Thirdly, while the vocation is one of essential "hiddenness from the eyes of men"  neither Canon 603 nor the CCC speak of dying into nothingness. Of course there is a significant dimension of dying to self (meaning the false or ego self!) but one does NOT become a non-entity in the process; one embraces anew the incredibly significant status of daughter or son of God in Christ (and brother or sister to all others) just as one did in Baptism and therefore comes to represent a vocation which has significant value for men and women living in the 21 C! Not least hermits proclaim the Gospel of Jesus Christ and the life and meaning which he brings to even the least and most lonely of us. It is a rich life, a joy filled one of profound (and incredibly paradoxical) relatedness to all of creation which would be meaningful simply because God calls one to it! Even so, it is significant to others and MUST be credible to others (no matter how paradoxical or counter cultural such credibility is)  because it is a proclamation of the Gospel and the redemption connected with that. The God it witnesses to must be the God of Jesus Christ who redeems the most death-dealing or isolating circumstances human beings know.

I have known (usually -- though not only -- through their writing) several so-called hermits that were either no such thing or, at best, were pretty disedifying examples of the vocation. While all of us struggle at times to live our lives well and with integrity, and while none of us are likely paragons (Merton warns about believing hermits should be perfect examples of their vocation), there are those who justify isolation or an inability (or refusal!) to take part in normal society because of mental illness, spiritual and personal eccentricity (or outright weirdness!), misanthropy, judgmentalism, individualism, self-centeredness, etc, by applying the term "hermit." But in some of these cases the impression they give in adopting the term is that solitude is really nothing more than isolation, that the only real joy found in the eremitical life is that of suffering and struggle, that the spirituality appropriate to such a vocation is some sort of pseudo-mystical misery willed by a sadistic God who may reward such pain with occasional "consolations", and that attempts to find or worship God in the ordinary world of time and space is "unspiritual". As far as I can see there is nothing of the good news of Jesus Christ in any of this and nothing credible much less exemplary therefore in such lives.

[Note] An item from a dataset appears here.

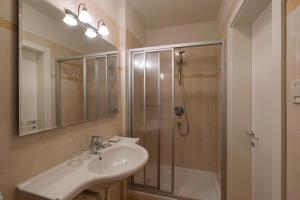 a bathroom with a sink and a shower at Panorama Hotel St Georgen in Schenna +34 photos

I am sorry when persons are not admitted to profession as a diocesan hermit or even to an extended period of discern-ment with their diocese; I know the pain it occasions. But at the same time I am sorrier still when those with no true vocation call themselves hermits (much less Catholic Hermits) and give scandal by living a life which is far from healthy and thus, even farther from being Christian or genuinely eremitical. Because diocesan eremitical life is an ecclesial vocation this means it must witness to the Gospel of God in Christ in the name of the Church. Standing in law, credibility, even "approval" by the hierarchy of the Church and those who benefit from the witness given are a necessary part of this vocation and its accountability to God and God's Church --- essential hiddenness notwithstanding. After all, credibility is part of ANY Christian vocation; we live our lives in response to this call so that others "may believe in Him whom you have sent." (John 6:30) If our lives and vocations lack credibility in the profound sense of imaging God's redemption, especially in the midst of suffering, then they are not Christian; they are not of God.  It seems to me, that the pious language of "being nothing" aside, only one who fails to understand the true nature, value, and responsibility of such calls could suggest otherwise.